In more recent times Capital One is a great example of the reverse – a brand launched with direct mail that now also uses TV to build additional reach and relevance. Direct mail remains a great and complementary media for all marketing tasks.
JL: The two advantages that direct marketing have are the ability to target and the ability to customise messages. How well do you think these advantages are being exploited?
AB: One of the most important things we do is to encourage companies to target more effectively. Some of the large direct mailers send more things to more people simply because they haven't thought hard enough about how to target and segment their market for greater efficiency. So, clearly, the response rates are pretty low.
But it's one of the most important aspects of our educational programme and I take that responsibility seriously. If we don't help direct mailers use the medium more efficiently and effectively, two things will happen.
On the one hand, conspicuous inefficiency will encourage the end consumers of the product, i.e. the recipients, to think that direct mail isn't relevant, and complaints about junk mail will continue, with people throwing more and more of it out. That's potentially a big long-term problem.

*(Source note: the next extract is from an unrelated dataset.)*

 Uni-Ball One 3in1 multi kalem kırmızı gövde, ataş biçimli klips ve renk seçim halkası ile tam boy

Or, on the other hand, it will encourage my advertisers, the big businesses that are paying me to send their material, to think they could spend their money on something else. There are a lot of alternatives these days and everyone is trying to get best value from their media spend. So clearly we have to try to minimise that.
JL: It seems to me that customising messages has to be done very well or not at all. Tone of voice seems difficult to get right. For example, I've been bombarded by Virgin Media talking to me like an 18 year old – 'Dear Judie', 'Love' so-andso.

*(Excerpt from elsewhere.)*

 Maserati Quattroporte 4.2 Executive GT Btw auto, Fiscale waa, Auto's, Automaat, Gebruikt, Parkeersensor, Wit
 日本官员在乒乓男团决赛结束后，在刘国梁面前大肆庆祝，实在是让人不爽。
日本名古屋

AB: You raise a couple of points. I think the level of formality in business and in life generally has declined markedly and it's not always easy to judge an appropriate tone of voice, particularly with an older audience.
You never want to patronise your audience and you certainly don't want to talk to them in ways that are inappropriate, but the vernacular of advertising is conditioned basically by young people. It's probably true that as the average age of the population gets older, the average age of the advertising business gets younger. And that's a challenge to copywriters.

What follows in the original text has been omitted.